Luther’s publication of his Ninety-Five Theses in Wittenberg in 1517 provoked a bitter controversy over indulgences. The Pope’s response referred to Luther as “a certain son of iniquity,” “a son of perdition” and—after declaring him a heretic—"a roaring sow of the woods [which] has undertaken to destroy this vineyard, a wild beast [which] wants to devour it" (Hillerbrand 1964, 56, 60, and 80). The powerful imagery is effective in presenting Luther as a destructive lunatic or wild animal. Luther had referred to Henry VIII as “a pig, an ass, a dunghill, the spawn of an adder, a lying buffoon, and fool with a frothing mouth” (Rawson 1991, 298). Another potent metaphor is that of the Plague. When Henry VIII entered the fray in 1521 (prior to his break with Rome) with his treatise Assertio Septem Sacramentum , he denounced “the pest of Martin Luther’s heresy [which] had appeared in Germany and was raging everywhere” (Hillerbrand 1964, 47).

When the Pope would not accede to Henry’s request to divorce Catherine of Aragon, Henry proclaimed the Church of England in 1542 with himself as its head, and demoted the Pope to the status of mere “Bishop of Rome,” an ironic and demeaning title still used in some quarters. The perennial, centuries-old complaint about the Church exporting the money from tithes to Rome led to hostile terms like Rome-runner, Rome-raiker , and Henry Brinklow’s ironic gloss (in 1542) on the Latin form of the Pope’s name: “Papa means pay pay” (1874, 39). The famous Calvinist John Knox was not alone in referring to the Church of Rome as “the Roman harlot” in his History of the Reformation , 1586–1587. In time the vocabulary of prostitution became widely exploited in terms like harlotry, carnality , and fornication . “The Presbyterians called the Independent churches whore,” observed William Erbury, “and the Independents called them whore again; and I say they are all whores together” (Chandos 1971, xxiv). George Buchanan even-handedly condemned “Godles papists, harlat protestantis” in his polemic Chamæleon (1570, 24). More remarkably, in the first recorded use of sodomite two centuries earlier, John Wycliffe applied the term to spiritual corruption: “?at prelatys … ben [are] gostly [spiritual] sodomytis wors þan bodily sodomytis of sodom and gomor” ( Works 1880, 55).

A tone of hysterical detestation becomes increasingly obvious in some of the belligerents.
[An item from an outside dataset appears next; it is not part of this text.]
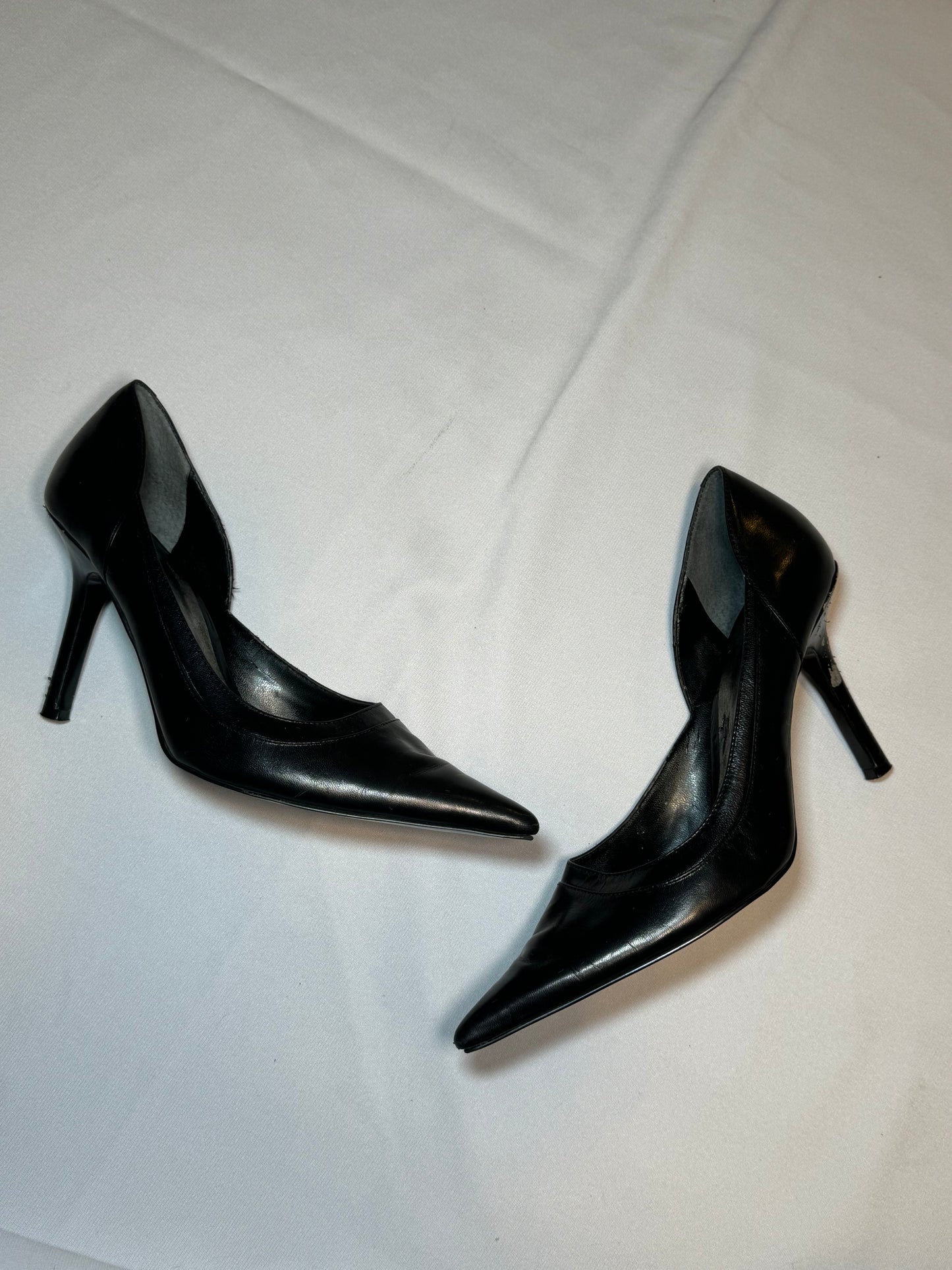 Vintage Y2K Nine West Black Leather Pumps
Thomas Harding in his Confutation of Jewel (1565) condemned Luther for bringing to Germany “the poisoned cuppe of his heresies, blasphemies and sathanismes” (II ii 42), using the last word for the first time, to mean “diabolical doctrine.” The extreme controversialist John Bale, Bishop of Ossory in Ireland, went so far in his pamphlet Yet a course at the Romyshe foxe (1543) as to refer to his Catholic opponents as “fylthye whoremongers, murtherers, thieves, raveners, idolatours, lyars, dogges, swyne … and very devyls incar- nate” (Bennett 1952, 73). As the schism increased, so new sects multiplied, invariably given demeaning names. In his polemic The Pulpit Guarded (1651) Thomas Hall listed the more important: “We have many sects now abroad [around]: Ranters, Seekers, Shakers, Quakers and now Creepers” (15).

However, the Reformation also inspired a new rigor in the use of language, especially in relation to the taking of oaths. When Luther was summoned before the Diet of Worms in 1521 and asked to recant, he refused on the grounds of conscience and scriptural authority. Sir Thomas More likewise refused to take the oath recognizing Henry VIII as the Head of the Church of England, for which defiance he was imprisoned and beheaded. At the same time, reformist programs showed an incipient puritanism. In Geneva, Calvin enforced discipline and morals by forbidding dancing, games of cards and dice, as well as severely punishing blasphemy and ribaldry.